━━ Data for this exercise
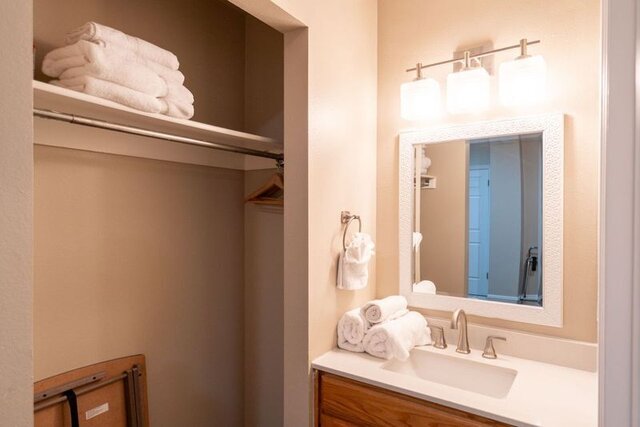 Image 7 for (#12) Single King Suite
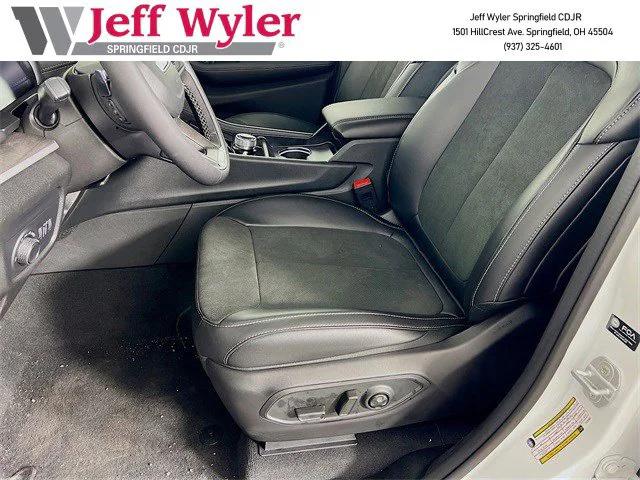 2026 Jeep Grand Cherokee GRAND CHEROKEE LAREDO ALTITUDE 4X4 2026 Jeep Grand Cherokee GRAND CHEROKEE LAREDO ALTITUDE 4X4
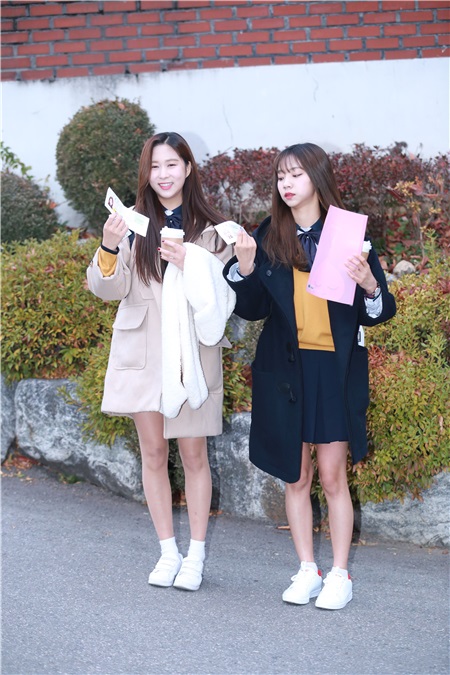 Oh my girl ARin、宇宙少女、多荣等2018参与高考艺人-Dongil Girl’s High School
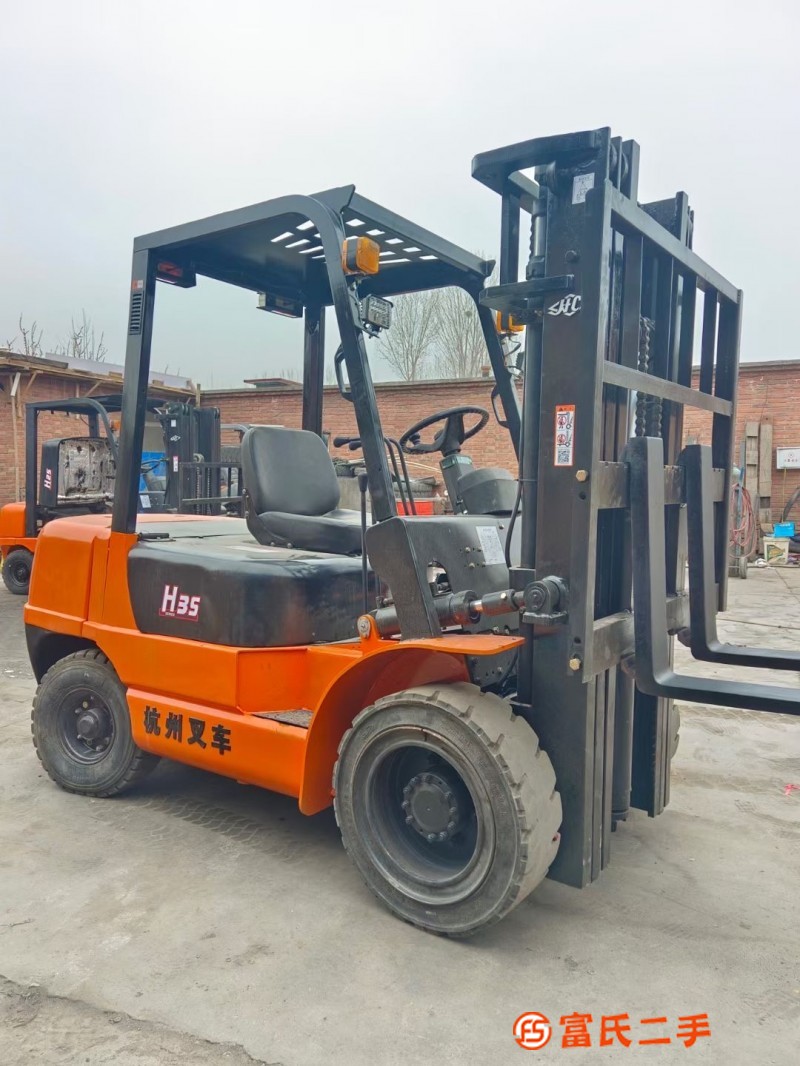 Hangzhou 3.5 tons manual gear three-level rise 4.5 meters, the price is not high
━━━━
━━ Data for this exercise
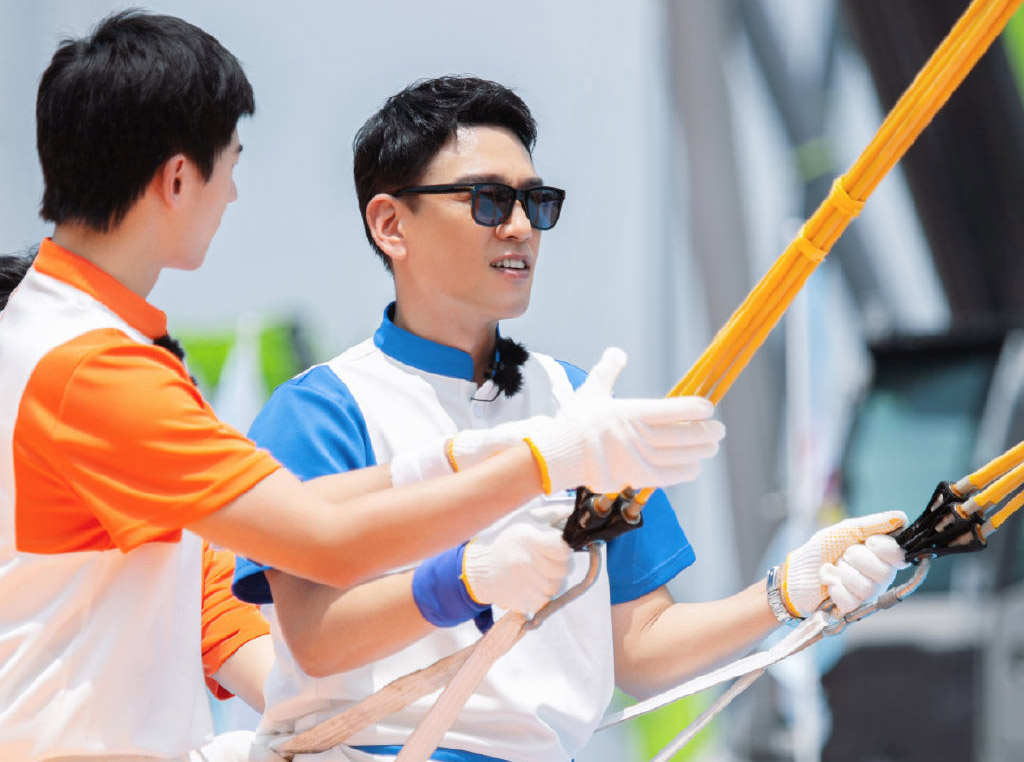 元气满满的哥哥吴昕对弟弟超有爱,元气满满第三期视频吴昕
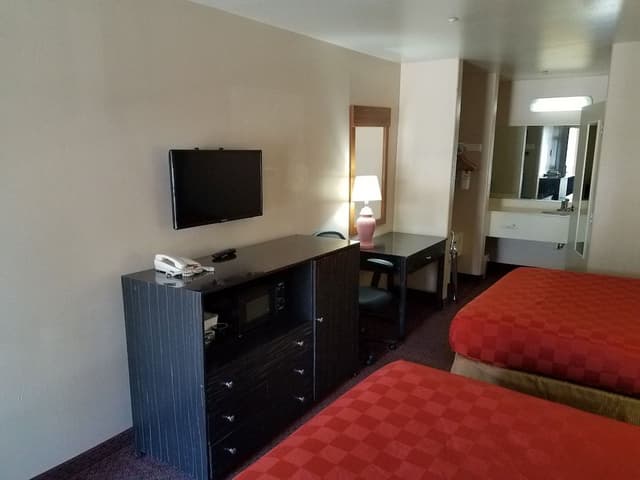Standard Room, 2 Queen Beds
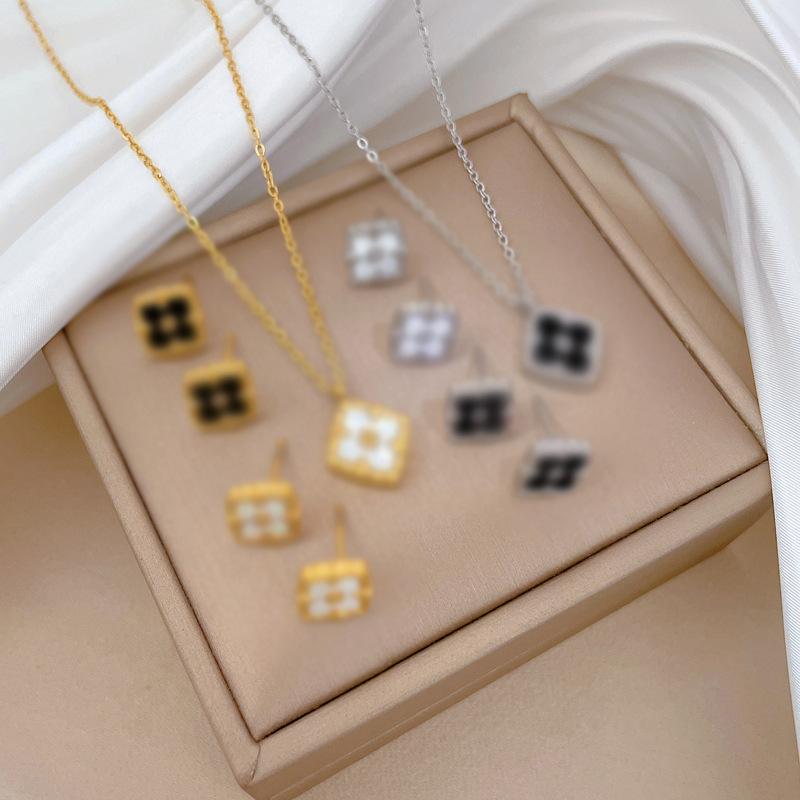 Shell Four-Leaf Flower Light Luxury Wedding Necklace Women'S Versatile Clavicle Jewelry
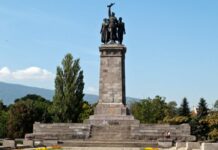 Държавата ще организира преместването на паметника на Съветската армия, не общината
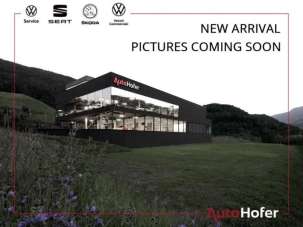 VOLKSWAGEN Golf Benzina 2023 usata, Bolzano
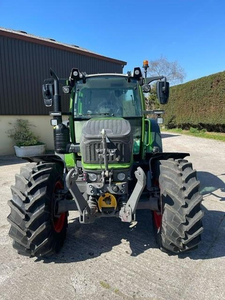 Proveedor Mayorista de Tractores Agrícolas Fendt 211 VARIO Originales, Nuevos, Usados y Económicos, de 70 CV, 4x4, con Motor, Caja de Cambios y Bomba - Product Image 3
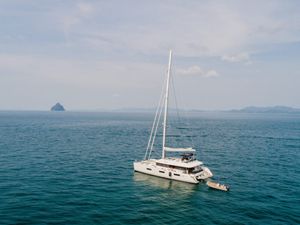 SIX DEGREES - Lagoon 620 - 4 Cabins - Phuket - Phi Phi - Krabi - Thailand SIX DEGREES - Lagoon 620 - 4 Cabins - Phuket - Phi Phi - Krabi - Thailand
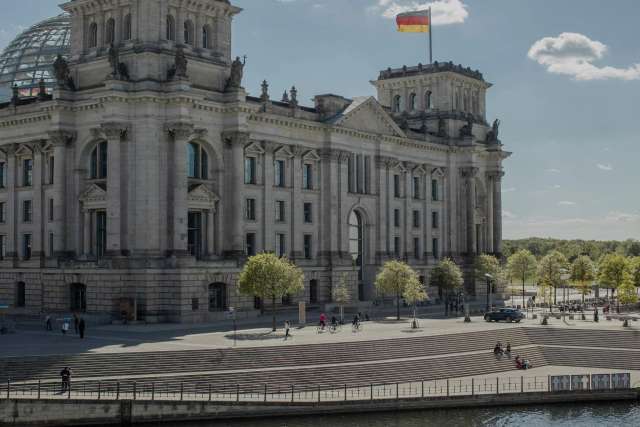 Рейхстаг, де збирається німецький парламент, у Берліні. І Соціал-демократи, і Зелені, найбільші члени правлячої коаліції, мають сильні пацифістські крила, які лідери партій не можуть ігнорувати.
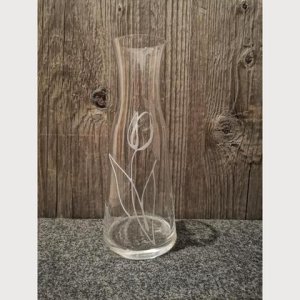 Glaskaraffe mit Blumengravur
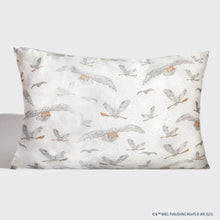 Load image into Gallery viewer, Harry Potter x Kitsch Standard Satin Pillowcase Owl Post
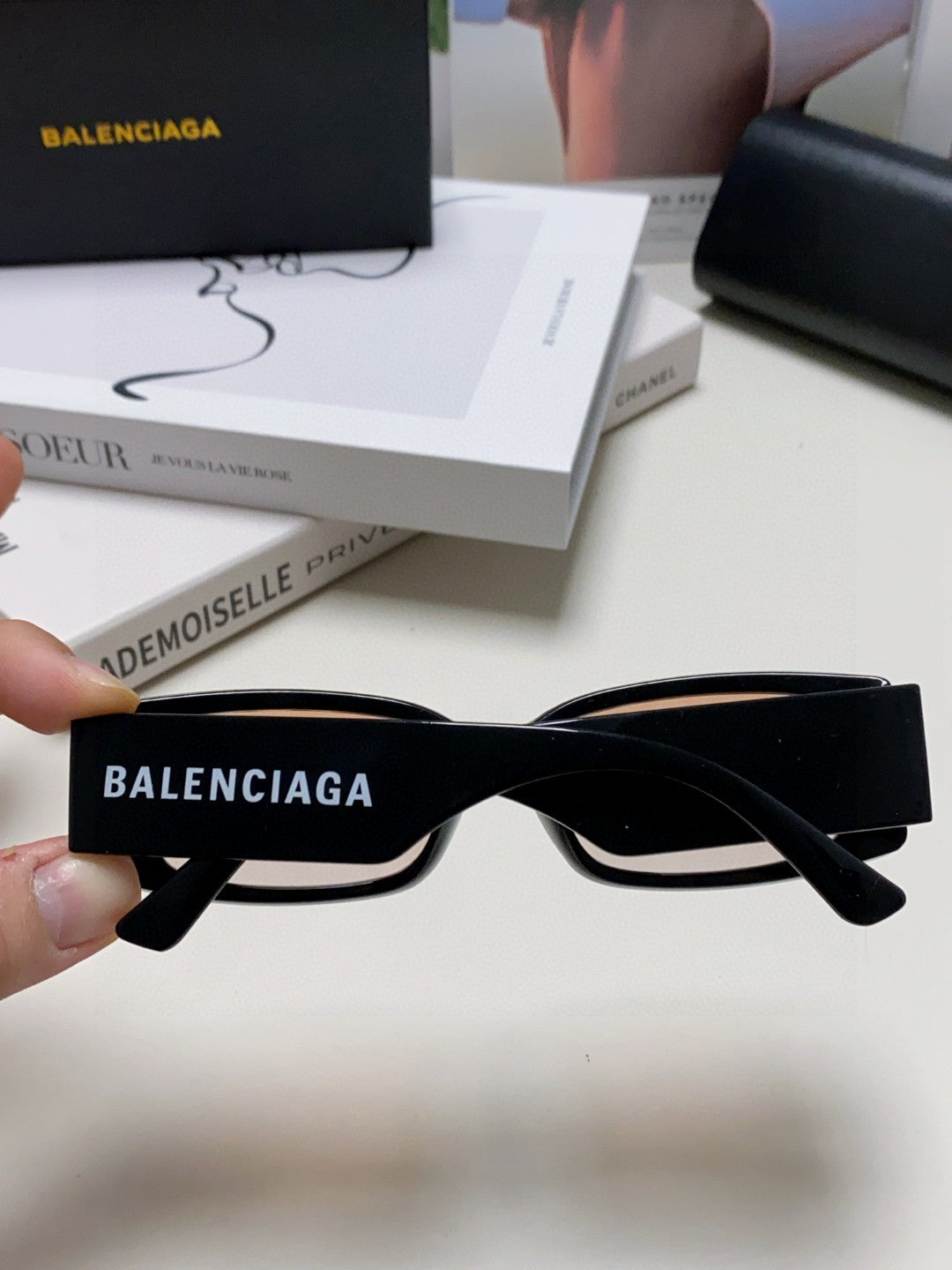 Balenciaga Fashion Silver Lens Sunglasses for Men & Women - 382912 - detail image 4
━━━━
━━ Data for this exercise
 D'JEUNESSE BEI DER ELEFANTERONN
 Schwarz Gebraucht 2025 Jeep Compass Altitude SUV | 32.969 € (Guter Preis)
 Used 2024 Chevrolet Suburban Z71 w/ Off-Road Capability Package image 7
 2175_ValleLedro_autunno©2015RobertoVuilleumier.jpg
━━━━
Exercise description:
Leaving each picture behind, please give again exactly the lines above from the one with "Държавата ще организира" through the one with "Balenciaga Fashion Silver", both included, and no others.

Response to this task:
 Държавата ще организира преместването на паметника на Съветската армия, не общината
 VOLKSWAGEN Golf Benzina 2023 usata, Bolzano
 Proveedor Mayorista de Tractores Agrícolas Fendt 211 VARIO Originales, Nuevos, Usados y Económicos, de 70 CV, 4x4, con Motor, Caja de Cambios y Bomba - Product Image 3
 SIX DEGREES - Lagoon 620 - 4 Cabins - Phuket - Phi Phi - Krabi - Thailand SIX DEGREES - Lagoon 620 - 4 Cabins - Phuket - Phi Phi - Krabi - Thailand
 Рейхстаг, де збирається німецький парламент, у Берліні. І Соціал-демократи, і Зелені, найбільші члени правлячої коаліції, мають сильні пацифістські крила, які лідери партій не можуть ігнорувати.
 Glaskaraffe mit Blumengravur
 Load image into Gallery viewer, Harry Potter x Kitsch Standard Satin Pillowcase Owl Post
 Balenciaga Fashion Silver Lens Sunglasses for Men & Women - 382912 - detail image 4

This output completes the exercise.